Using transformer models for your own NLP task - building an NLP model End To End by Ana-Maria Istrate
Introduction to Transformer Models for Natural Language Processing and Building an NLP Model
Hello everyone, my name is Anna Maria Rate, a senior research scientist at Chan Zuckerberg Initiative, and I am thrilled to dive into the exciting world of transformer models for natural language processing (NLP) and demonstrate the process of building an end-to-end NLP model. My interests revolve around NLP and its applications in the scientific domain, specifically in text mining biomedical literature, predicting the effect of research outputs, knowledge graphs, and graph-based models.
Why are Transformer Models Crucial in NLP Tasks?
Transformer models have gained popularity mainly in natural language processing and computer vision. These are deep learning models grounded in the concept of self-attention, which enhances our understanding of a current word's representation given its context in an input sequence.
The relevance of transformer models dates back to 2017, when they were first introduced, and quickly became state-of-the-art in NLP tasks. Transformer models stand out from Recurrent Neural Networks (RNNs), the preceding state-of-the-art NLP models, as they accommodate more parallelization and reduce training times.

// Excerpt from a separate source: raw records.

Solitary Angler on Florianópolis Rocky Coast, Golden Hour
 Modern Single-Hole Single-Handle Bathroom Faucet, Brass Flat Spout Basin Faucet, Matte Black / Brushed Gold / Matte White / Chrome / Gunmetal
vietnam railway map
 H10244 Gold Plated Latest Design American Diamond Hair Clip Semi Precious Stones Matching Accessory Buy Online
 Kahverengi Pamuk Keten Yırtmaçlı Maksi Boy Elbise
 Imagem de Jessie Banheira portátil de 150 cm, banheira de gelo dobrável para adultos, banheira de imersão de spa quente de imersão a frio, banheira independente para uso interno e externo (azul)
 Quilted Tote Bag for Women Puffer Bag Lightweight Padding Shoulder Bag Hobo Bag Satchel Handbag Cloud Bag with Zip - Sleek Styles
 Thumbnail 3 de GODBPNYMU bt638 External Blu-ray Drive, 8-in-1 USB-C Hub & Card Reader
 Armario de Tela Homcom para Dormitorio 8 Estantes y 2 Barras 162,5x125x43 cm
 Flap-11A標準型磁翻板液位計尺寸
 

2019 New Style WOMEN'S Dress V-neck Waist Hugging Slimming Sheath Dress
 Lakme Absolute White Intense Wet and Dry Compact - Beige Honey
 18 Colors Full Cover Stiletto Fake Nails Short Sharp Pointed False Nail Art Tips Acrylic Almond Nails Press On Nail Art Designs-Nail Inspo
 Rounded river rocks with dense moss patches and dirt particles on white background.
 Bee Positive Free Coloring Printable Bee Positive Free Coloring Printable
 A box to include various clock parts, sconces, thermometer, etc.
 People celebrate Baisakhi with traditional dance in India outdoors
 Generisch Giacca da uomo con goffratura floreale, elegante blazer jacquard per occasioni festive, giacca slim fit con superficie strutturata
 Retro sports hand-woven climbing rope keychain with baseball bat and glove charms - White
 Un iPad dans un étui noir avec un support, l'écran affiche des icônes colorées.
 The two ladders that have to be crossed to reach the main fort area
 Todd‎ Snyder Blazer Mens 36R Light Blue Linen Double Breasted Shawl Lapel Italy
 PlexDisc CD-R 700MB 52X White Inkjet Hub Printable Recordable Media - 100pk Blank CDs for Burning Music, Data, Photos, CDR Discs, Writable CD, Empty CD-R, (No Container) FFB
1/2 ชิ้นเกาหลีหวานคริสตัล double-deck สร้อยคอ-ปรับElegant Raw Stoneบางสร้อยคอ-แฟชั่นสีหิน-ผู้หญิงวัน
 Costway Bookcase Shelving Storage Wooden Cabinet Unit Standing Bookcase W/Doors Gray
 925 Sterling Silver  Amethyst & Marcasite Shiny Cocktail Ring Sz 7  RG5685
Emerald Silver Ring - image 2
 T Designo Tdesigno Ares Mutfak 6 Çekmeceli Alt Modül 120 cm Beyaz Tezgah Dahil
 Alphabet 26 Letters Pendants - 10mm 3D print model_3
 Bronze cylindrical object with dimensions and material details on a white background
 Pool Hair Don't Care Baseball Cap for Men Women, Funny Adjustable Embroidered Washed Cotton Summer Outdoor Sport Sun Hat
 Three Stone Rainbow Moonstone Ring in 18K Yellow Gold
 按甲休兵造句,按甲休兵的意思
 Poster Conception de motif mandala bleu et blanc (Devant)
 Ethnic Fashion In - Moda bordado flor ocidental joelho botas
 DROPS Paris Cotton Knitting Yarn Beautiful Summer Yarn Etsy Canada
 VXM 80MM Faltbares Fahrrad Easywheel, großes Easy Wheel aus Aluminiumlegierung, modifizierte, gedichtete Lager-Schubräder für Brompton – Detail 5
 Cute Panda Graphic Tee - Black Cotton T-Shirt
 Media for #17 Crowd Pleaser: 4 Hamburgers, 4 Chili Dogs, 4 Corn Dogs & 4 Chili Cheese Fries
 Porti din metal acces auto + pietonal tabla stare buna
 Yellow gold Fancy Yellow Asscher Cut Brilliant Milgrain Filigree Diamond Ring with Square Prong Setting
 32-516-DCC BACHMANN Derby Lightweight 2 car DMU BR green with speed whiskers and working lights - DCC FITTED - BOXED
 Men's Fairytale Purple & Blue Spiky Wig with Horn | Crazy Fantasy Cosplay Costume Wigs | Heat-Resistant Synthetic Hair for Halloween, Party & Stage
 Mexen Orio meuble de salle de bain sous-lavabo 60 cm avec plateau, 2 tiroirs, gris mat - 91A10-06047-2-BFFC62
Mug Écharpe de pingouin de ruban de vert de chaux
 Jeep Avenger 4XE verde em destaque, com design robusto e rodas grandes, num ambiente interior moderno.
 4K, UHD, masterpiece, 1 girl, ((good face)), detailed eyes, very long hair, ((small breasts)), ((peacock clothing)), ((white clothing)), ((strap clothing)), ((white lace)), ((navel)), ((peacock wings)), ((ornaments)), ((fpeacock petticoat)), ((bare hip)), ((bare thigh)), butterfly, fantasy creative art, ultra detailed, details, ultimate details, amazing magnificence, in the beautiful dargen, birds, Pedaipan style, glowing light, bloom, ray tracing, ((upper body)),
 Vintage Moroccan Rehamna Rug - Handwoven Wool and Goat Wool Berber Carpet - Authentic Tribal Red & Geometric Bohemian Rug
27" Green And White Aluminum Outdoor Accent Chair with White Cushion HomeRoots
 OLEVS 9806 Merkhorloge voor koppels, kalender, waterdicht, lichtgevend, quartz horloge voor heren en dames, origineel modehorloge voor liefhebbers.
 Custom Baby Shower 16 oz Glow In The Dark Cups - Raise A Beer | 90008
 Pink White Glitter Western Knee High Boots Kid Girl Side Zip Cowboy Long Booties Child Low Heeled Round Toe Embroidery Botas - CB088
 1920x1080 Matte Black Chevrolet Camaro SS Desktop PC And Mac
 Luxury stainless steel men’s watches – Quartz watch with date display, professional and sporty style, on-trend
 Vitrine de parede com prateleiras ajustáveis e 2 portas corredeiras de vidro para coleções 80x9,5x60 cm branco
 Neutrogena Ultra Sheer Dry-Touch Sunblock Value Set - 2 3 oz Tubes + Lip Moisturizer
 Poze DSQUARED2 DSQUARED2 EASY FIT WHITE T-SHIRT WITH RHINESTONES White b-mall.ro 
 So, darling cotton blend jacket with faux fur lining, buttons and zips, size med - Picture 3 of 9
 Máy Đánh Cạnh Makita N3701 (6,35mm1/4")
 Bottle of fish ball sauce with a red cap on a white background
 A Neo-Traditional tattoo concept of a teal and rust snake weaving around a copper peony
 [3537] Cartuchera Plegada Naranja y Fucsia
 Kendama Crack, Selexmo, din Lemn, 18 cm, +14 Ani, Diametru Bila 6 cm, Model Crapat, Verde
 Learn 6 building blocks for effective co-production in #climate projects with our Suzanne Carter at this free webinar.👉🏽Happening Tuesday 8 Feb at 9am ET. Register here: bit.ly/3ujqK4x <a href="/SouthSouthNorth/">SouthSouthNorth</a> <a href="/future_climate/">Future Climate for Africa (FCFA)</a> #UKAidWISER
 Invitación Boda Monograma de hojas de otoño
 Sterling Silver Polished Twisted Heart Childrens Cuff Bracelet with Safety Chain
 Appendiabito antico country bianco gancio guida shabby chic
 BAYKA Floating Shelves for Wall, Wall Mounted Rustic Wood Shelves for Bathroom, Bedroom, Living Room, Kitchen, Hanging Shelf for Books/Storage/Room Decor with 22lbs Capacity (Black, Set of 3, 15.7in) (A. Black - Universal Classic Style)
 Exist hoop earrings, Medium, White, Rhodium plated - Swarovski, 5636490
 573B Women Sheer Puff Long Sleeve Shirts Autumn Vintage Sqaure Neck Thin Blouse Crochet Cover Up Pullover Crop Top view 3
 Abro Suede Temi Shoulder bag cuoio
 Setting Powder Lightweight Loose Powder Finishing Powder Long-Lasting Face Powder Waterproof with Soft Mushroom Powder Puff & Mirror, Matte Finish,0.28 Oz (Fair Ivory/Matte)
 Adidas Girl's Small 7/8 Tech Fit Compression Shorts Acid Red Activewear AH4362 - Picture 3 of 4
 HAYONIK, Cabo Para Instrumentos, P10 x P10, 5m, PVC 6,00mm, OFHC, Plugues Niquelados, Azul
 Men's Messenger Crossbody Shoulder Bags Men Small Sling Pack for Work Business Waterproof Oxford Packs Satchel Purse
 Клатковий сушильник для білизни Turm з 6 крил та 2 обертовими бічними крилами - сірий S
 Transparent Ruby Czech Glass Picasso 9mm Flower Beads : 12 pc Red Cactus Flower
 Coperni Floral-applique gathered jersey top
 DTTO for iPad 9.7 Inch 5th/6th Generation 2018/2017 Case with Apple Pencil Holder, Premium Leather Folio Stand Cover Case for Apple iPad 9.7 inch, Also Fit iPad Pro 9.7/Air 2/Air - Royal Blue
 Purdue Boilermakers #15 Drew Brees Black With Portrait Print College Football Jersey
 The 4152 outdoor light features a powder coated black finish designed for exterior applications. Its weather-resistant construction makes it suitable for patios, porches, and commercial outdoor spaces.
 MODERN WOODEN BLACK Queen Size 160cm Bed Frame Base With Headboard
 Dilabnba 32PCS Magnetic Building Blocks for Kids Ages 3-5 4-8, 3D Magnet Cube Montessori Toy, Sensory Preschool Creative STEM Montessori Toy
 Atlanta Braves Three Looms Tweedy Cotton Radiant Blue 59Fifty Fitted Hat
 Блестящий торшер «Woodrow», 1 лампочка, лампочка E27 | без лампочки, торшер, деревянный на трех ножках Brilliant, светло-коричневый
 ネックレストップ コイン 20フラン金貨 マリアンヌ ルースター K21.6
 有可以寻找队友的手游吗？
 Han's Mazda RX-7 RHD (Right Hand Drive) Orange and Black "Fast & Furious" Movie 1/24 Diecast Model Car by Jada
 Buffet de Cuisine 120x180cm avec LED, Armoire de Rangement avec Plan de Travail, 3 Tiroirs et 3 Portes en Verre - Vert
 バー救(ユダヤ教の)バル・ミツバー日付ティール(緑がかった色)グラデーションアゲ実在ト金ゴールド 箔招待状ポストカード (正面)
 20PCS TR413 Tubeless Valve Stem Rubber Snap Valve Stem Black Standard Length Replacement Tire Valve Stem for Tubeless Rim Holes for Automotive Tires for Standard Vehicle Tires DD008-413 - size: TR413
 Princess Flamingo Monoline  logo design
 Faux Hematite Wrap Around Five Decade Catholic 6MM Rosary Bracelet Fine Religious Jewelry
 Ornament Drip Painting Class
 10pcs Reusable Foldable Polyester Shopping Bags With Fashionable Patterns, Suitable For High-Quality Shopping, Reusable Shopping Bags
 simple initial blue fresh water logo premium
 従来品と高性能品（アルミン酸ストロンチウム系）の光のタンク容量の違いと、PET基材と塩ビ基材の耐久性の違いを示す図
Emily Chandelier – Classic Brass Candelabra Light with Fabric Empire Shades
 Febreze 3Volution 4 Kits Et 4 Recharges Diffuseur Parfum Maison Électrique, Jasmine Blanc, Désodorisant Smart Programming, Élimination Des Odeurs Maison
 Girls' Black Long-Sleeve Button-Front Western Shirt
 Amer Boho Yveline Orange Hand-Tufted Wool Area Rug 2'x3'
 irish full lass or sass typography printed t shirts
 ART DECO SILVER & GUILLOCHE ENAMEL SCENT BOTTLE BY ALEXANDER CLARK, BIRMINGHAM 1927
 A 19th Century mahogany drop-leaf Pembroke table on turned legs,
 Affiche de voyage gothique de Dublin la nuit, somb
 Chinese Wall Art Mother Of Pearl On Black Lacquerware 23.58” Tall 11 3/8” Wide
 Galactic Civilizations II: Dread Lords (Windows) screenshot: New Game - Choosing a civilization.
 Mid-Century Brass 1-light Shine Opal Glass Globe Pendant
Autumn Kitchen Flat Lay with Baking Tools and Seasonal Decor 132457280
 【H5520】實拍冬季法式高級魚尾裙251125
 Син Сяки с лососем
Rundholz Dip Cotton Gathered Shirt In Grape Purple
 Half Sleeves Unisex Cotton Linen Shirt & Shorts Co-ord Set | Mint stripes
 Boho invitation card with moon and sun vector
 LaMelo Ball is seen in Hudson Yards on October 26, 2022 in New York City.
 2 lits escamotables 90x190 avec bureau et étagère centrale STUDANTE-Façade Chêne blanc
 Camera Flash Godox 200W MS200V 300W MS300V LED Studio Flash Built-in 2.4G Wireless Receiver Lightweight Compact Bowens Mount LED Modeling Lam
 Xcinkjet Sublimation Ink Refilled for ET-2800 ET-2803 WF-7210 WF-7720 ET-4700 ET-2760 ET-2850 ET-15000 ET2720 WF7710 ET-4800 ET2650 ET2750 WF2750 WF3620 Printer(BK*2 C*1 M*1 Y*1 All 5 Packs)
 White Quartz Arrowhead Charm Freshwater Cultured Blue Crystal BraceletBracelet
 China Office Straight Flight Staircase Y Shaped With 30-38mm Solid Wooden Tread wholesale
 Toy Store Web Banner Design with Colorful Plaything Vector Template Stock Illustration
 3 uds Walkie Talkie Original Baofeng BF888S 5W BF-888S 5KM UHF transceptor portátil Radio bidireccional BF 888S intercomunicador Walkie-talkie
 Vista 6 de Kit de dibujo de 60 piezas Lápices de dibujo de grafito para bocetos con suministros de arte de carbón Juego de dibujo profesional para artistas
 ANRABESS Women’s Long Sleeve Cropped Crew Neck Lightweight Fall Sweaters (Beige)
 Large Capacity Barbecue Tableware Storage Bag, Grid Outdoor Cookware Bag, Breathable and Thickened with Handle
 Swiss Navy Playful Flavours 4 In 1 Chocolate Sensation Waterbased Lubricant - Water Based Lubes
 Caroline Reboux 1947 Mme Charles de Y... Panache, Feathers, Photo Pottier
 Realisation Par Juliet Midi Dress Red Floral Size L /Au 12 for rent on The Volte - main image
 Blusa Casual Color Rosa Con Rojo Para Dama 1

Popular models like BERT, GPT, D-5, Roberta, Electra, Albert Ernie, among others, have been developed based on the transformer architecture, demonstrating high-performance on a variety of tasks such as named entity recognition, question answering, summarization, and machine learning translation. A crucial element behind their success is the application of transfer learning - fine-tuning pre-existing models to suit the task at hand.
Constructing a Transformer-Based NLP Model, End-To-End
In the creation of our transformer-based NLP model at Chan Zuckerberg Initiative, our objective was to isolate mentions of data sets and experimental methods appearing in biomedical research articles using a technique called Named Entity Recognition (NER). Our demonstration in building this model revolves around three main stages;
- Creating the training data set
- Initiating the model development
- Performing model evaluation.
1. Creating the Training Data Set
Our series of steps in constructing our training dataset began with the question of what to include. We outlined clear definitions of terminology, particularly datasets and experimental methods, that would proceed to shape our dataset. This understanding was crucial, especially in specialized fields or tasks where boundaries are not clearly defined.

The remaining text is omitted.